> What you should do
Emit a verbatim copy of the lines running from the line with "2nd image of 3215 W Douglas Blvd #1" through the end of the material below.

> Material for the task
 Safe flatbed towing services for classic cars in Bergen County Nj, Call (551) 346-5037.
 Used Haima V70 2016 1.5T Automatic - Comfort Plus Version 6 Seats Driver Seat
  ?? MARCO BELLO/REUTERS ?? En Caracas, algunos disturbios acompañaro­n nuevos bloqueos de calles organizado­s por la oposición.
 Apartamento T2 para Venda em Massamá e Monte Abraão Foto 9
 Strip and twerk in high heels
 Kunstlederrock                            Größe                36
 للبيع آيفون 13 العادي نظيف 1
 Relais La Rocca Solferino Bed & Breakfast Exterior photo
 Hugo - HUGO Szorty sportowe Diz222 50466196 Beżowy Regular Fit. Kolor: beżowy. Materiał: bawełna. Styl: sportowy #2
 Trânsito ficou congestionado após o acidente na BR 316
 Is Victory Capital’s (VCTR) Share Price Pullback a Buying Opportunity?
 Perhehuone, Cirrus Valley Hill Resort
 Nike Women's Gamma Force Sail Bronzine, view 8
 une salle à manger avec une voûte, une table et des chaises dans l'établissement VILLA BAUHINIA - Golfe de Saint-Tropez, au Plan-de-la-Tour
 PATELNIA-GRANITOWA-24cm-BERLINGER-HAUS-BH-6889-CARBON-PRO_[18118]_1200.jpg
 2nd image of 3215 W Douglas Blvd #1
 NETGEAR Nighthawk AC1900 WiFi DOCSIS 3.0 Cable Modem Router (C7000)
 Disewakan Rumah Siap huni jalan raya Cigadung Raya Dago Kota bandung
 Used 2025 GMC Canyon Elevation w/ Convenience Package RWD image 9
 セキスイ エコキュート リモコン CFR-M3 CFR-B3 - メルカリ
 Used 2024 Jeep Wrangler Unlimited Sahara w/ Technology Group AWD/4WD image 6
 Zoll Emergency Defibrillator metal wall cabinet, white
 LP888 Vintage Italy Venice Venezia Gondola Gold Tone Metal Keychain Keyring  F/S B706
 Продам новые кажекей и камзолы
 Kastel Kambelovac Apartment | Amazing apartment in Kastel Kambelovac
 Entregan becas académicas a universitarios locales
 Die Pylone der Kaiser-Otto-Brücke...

> Task answer
 2nd image of 3215 W Douglas Blvd #1
 NETGEAR Nighthawk AC1900 WiFi DOCSIS 3.0 Cable Modem Router (C7000)
 Disewakan Rumah Siap huni jalan raya Cigadung Raya Dago Kota bandung
 Used 2025 GMC Canyon Elevation w/ Convenience Package RWD image 9
 セキスイ エコキュート リモコン CFR-M3 CFR-B3 - メルカリ
 Used 2024 Jeep Wrangler Unlimited Sahara w/ Technology Group AWD/4WD image 6
 Zoll Emergency Defibrillator metal wall cabinet, white
 LP888 Vintage Italy Venice Venezia Gondola Gold Tone Metal Keychain Keyring  F/S B706
 Продам новые кажекей и камзолы
 Kastel Kambelovac Apartment | Amazing apartment in Kastel Kambelovac
 Entregan becas académicas a universitarios locales
 Die Pylone der Kaiser-Otto-Brücke...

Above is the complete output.